Credible intervals (as well as prediction and shrinkage intervals) may be determined in different ways. By default, shortest intervals are returned, which for unimodal posteriors (the usual case) is equivalent to the highest posterior density region (Gelman et al., 1997, Sec. 2.3). Alternatively, central (equal-tailed) intervals may also be derived. The default behaviour may be controlled via the interval.type argument, or also by using the method argument with each individual call of the $post.interval() function (see below). A third option, although not available for prediction or shrinkage intervals, and hence not as an overall default choice, but only for the $post.interval() function, is to determine the evidentiary credible interval, which has the advantage of being parameterization invariant (Shalloway, 2014).

Bayes factors

Bayes factors (Kass and Raftery, 1995) for the two hypotheses of \(\tau=0\) and \(\mu=0\) are provided in the $bayesfactor element; low or high values here constitute evidence against or in favour of the hypotheses, respectively. Bayes factors are based on marginal likelihoods and can only be computed if the priors for heterogeneity and effect are proper. Bayes factors for other hypotheses can be computed using the marginal likelihood (as provided through the $marginal element) and the $likelihood() function. Bayes factors must be interpreted with very much caution, as they are susceptible to Lindley's paradox (Lindley, 1957), which especially implies that variations of the prior specifications that have only minuscule effects on the posterior distribution may have a substantial impact on Bayes factors (via the marginal likelihood). For more details on the problems and challenges related to Bayes factors see also Gelman et al. (1997, Sec. 7.4).

Besides the ‘actual’ Bayes factors, minimum Bayes factors are also provided (Spiegelhalter et al., 2004; Sec. 4.4). The minimum Bayes factor for the hypothesis of \(\mu=0\) constitutes the minimum across all possible priors for \(\mu\) and hence gives a measure of how much (or how little) evidence against the hypothesis is provided by the data at most. It is independent of the particular effect prior used in the analysis, but still dependent on the heterogeneity prior. Analogously, the same is true for the heterogeneity's minimum Bayes factor. A minimum Bayes factor can also be computed when only one of the priors is proper.

Numerical accuracy

Accuracy of the numerical results is determined by four parameters, namely, the accuracy of numerical integration as specified through the rel.tol.integrate and abs.tol.integrate arguments (which are internally passed on to the integrate function), and the accuracy of the grid approximation used for integrating out the heterogeneity as specified through the delta and epsilon arguments (Roever and Friede, 2017).
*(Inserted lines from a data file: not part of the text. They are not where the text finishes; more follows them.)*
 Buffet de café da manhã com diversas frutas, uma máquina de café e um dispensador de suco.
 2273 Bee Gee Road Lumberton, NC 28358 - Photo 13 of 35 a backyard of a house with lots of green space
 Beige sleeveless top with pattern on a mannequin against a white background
As these may also heavily impact on the computation time, be careful when changing these from their default values. You can monitor the effect of different settings by checking the number and range of support points returned in the $support element.

Study weights

Conditional on a given \(\tau\) value, the posterior expectations of the overall effect (\(\mu\)) as well as the shrinkage estimates (\(\theta_i\)) result as convex combinations of the estimates \(y_i\). The weights associated with each estimate \(y_i\) are commonly quoted in frequentist meta-analysis results in order to quantify (arguably somewhat heuristically) each study's contribution to the overall estimates, often in terms of percentages.
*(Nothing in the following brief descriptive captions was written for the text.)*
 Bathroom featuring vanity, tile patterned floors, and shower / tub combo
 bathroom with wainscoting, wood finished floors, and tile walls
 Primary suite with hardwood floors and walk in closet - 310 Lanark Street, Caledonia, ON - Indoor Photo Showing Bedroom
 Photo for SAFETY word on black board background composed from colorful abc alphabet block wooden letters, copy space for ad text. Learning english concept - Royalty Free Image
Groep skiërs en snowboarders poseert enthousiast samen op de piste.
In a Bayesian meta-analysis, these numbers to not immediately arise, since the heterogeneity is marginalized over. However, due to linearity, the posterior mean effects may still be expressed in terms of linear combinations of initial estimates \(y_i\), with weights now given by the posterior mean weights, marginalized over the heterogeneity \(\tau\) (Roever and Friede, 2020). The posterior mean weights are returned in the $weights and $weights.theta elements, for the overall effect \(\mu\) as well as for the shrinkage estimates \(\theta_i\).